“I never saw an Arctic char/
I never hope to see one/
But from the pictures in the book/
I’d rather see than eat one.”
Okay. I owe Arctic char an apology. It’s a pretty fish, with flesh similar to the salmon’s, that is pink. What I really don’t plan to ever eat again, after reading about it in The New York Times this week, is tilapia, but the word didn’t fit the meter.
According to Seafood Watch, a program of the Monterey Bay Aquarium, Arctic char is raised in land-based, ecologically regulated farms. It contains the omega-3 oils that are good for you and is a good substitute for salmon or trout. I hear it’s become a hit here on the summer party circuit. On the other hand, farmed tilapia isn’t very good for you, and the fish farms in Nicaragua, Honduras, and Ecuador, where it is raised in huge quantities, are destroying natural lakes.
I admit to a deep-rooted prejudice in favor of wild — local — fish. Unfortunately, the slow-food movement hasn’t really hit the fish industry yet, and it’s long overdue.
Laura Donnelly, The Star’s food and restaurant writer, recently described Silvia Lehrer’s new book, “Savoring the Hamptons,” in these pages. Ms. Lehrer is a devotee of Slow Food International, and the foods and recipes in the book are organized by the seasons in which they are locally vailable. (Yes, I know you can find fairly good strawberries “from away” in the markets here in months other than June, but, even if you don’t care about the carbon footprint of the foods you buy, a delicious Wainscott strawberry is worth waiting for. And, P.S.: Check the label on the crate, if you can; at a high-end emporium nearby, we’ve seen a “local strawberries” sign slapped on berries pulled from a box shipped from across the country.)
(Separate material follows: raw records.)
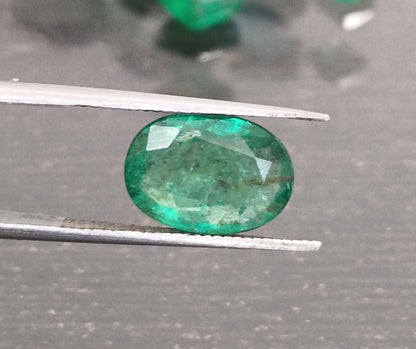 2.34ct Vivid Deep Green Zambian Emerald, 100% Natural Gem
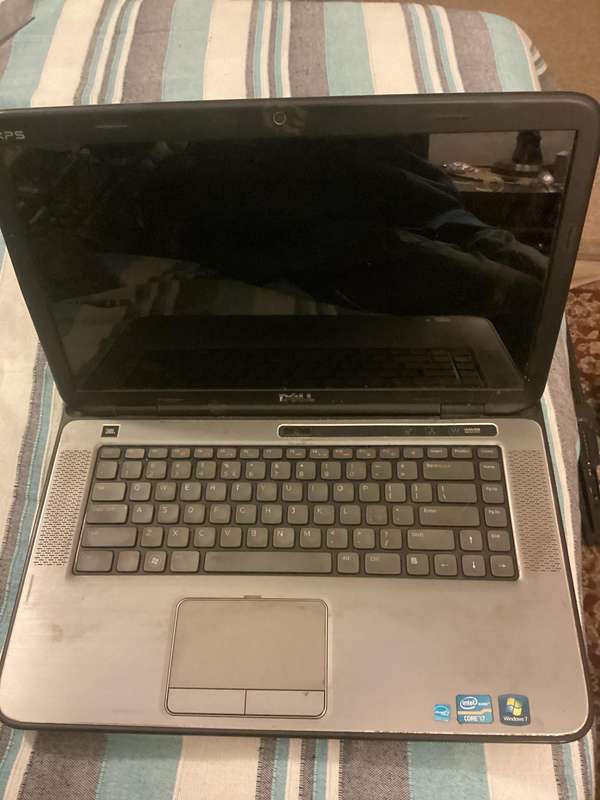 Dell i7 laptop for spares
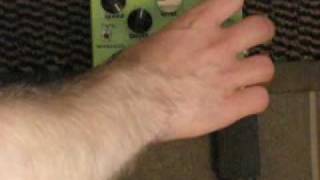 Video thumbnail for DMB Pedals - Lunar Echo - OSCILLATION with Delay + Reverb by Arafúra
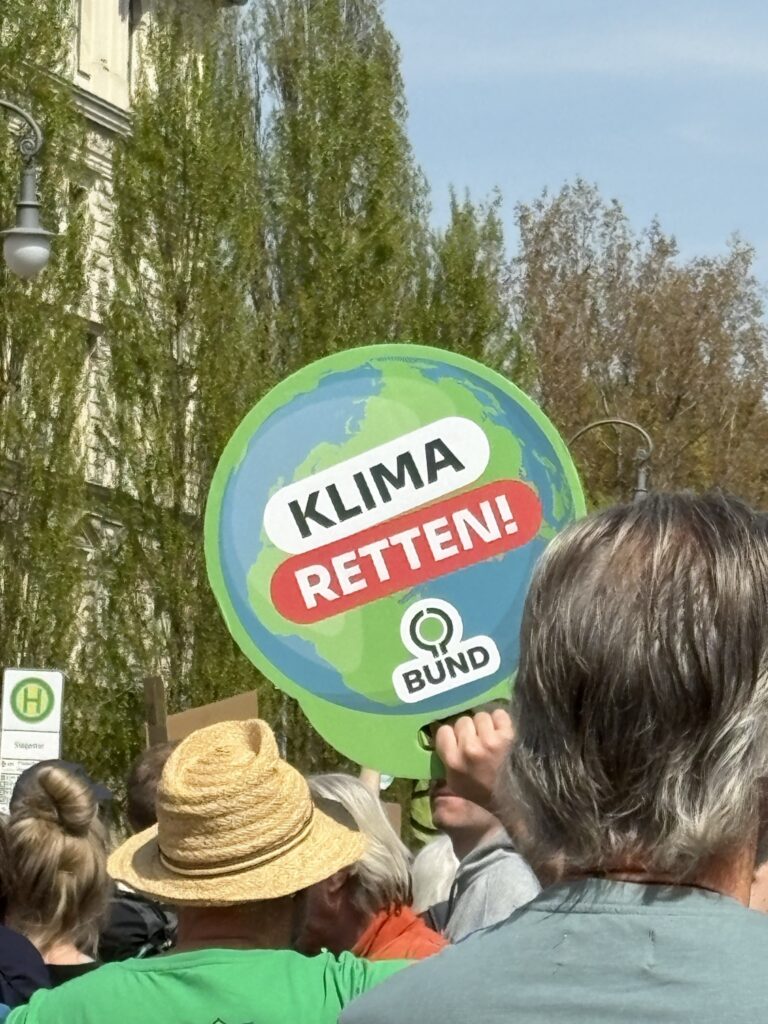 Starker Protest für die Energiewende: OV Albstadt bei Demo in München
A similar book could be filled with information about and recipes for fish that pass this way, and I wish someone would take it on. The truth is, the East End of Long Island has a greater variety of fish in inshore and offshore waters than anywhere else on the Eastern Seaboard. Air and water temperatures are more moderate here than to the north or south, and the Gulf Stream, which carries large species, is not far away.
I wasn’t familiar with fish when I first came here. We didn’t eat much of it at home when I was growing up. In the dining hall of the college I went to, you couldn’t see or taste the difference between breaded and baked fish and veal cutlet. Until I was treated to bay scallops in an expensive Manhattan restaurant, I didn’t know they existed.
But, getting married and coming to live here — it’s some 50 years ago now, when there were more baymen around — I dove into the culture and ate porgies, blowfish, bluefish, and striped bass constantly, and with delight. As our inshore fisheries declined and as the effects of overfishing and ocean pollution became better known in the past decade or two, I became more cautious about which offshore varieties I chose, but, to this day, I see absolutely no reason to buy or eat any seafood that isn’t local.
Arm yourself with a little knowledge: Just because the grocer says the bass was caught here, if it’s midwinter, you should doubt his word; if a scallop is the size of a hockey puck, you can bet it didn’t come out of the bay. Why bother with anything else when the freshest and most varied creatures of the deep are nearby — as fresh as can be? The world really is our oyster.